Under the plan, more than 1,200 PF officers and civilian specialists will be redeployed to Pará for the duration of the summit. Additional immigration booths, biometric e-gates and mobile passport-control units will be installed at Val-de-Cans/Júlio Cezar Ribeiro International Airport, Belém Air Base and the Outeiro cruise-ship pier, where two accommodation ships will berth. The PF confirmed that every arriving delegate will be pre-cleared through an Advance Passenger Information System (APIS) connected to the new COP 30 e-visa database, allowing officers to focus on high-risk travellers.

Beyond the airport perimeter, the PF will maintain 24-hour patrols of key road corridors linking Belém to Ananindeua and the “leaders’ village,” while river-patrol units will police the Guamá and Pará rivers to deter unauthorised boat traffic.
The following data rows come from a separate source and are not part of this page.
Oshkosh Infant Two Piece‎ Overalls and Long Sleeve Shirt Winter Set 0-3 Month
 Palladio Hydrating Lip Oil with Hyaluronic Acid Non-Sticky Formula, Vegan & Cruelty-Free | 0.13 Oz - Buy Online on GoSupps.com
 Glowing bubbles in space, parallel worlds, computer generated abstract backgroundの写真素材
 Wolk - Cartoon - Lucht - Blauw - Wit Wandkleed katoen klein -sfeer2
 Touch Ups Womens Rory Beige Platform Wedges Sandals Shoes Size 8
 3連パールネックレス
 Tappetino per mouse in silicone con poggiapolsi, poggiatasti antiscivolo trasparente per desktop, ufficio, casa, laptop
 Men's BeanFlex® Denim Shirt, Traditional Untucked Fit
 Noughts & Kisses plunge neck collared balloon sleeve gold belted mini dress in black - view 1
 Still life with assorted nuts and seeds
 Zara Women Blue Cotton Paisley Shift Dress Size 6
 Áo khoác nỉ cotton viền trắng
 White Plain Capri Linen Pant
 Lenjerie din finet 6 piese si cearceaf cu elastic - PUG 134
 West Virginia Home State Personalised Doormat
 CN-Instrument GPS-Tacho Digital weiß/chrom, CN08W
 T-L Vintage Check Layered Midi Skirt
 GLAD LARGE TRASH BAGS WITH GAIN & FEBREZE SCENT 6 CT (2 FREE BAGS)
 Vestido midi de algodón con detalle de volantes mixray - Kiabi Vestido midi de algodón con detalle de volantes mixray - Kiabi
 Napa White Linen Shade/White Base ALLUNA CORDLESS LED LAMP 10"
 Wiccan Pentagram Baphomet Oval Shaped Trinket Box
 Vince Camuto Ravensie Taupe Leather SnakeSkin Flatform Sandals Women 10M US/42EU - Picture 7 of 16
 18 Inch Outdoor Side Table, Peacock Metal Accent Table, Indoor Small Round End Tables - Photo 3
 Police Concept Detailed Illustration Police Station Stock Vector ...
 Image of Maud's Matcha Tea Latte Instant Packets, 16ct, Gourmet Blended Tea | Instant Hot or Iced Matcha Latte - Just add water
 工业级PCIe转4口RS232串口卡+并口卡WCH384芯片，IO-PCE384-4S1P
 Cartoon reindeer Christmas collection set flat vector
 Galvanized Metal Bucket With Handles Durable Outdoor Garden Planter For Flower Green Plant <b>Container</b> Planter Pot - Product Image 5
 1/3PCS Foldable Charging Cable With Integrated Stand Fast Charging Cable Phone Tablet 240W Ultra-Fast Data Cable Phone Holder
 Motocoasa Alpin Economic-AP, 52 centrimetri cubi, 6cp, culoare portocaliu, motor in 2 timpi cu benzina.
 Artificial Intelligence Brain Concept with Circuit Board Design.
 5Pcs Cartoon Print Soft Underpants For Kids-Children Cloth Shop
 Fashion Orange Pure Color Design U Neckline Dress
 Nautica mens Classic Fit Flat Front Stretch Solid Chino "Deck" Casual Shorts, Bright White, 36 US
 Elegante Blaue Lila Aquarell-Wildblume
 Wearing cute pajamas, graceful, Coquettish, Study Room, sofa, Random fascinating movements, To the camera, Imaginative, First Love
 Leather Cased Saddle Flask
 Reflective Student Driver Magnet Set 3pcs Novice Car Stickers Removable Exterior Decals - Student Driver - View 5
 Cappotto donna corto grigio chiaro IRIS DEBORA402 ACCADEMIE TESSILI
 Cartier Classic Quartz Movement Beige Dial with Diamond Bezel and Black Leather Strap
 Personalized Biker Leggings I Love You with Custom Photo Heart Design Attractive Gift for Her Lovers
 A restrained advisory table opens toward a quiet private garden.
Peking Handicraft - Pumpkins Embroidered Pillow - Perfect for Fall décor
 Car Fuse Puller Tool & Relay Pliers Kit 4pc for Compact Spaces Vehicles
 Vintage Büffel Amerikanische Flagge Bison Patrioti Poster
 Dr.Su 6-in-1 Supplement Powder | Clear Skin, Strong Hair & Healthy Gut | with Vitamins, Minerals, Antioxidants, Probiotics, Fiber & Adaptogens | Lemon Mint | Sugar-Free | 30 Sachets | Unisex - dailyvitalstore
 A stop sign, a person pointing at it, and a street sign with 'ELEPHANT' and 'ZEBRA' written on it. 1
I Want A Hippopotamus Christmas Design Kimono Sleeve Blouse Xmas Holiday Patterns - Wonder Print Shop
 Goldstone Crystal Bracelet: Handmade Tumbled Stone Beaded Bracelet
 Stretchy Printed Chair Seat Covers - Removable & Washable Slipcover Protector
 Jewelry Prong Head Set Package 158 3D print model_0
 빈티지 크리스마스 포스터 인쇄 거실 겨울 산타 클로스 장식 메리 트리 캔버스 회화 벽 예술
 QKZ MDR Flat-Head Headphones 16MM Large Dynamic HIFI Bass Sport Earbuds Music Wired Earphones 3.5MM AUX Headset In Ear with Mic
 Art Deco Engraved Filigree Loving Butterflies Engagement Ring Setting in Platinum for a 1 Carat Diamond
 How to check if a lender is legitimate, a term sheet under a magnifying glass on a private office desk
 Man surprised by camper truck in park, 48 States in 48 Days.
A dedicated cyber-intelligence cell will monitor social media and encrypted channels for protest-related threats, reflecting lessons learned from recent summits in Glasgow and Dubai.

For multinational companies planning C-suite attendance, the PF recommends submitting delegate manifests at least 72 hours before arrival, ensuring that passport details match those used in the UNFCCC accreditation portal. Failure to do so could lead to secondary inspection or denied boarding. Employers sending staff should also budget extra time for on-arrival luggage screening, as all diplomatic and media equipment will be X-rayed off-site before being released to couriers.

The plan strikes a delicate balance between security and Brazil’s pledge to keep COP 30 an “open Amazonian summit.” By leaning on digital pre-clearance and additional staffing rather than blanket restrictions, the PF hopes to minimise queues that plagued COP 28 in Dubai, when some delegations waited more than three hours at passport control. Companies with tight meeting schedules are nonetheless advised to plan arrivals for early morning or late-night periods, when charter‐flight slots are still widely available.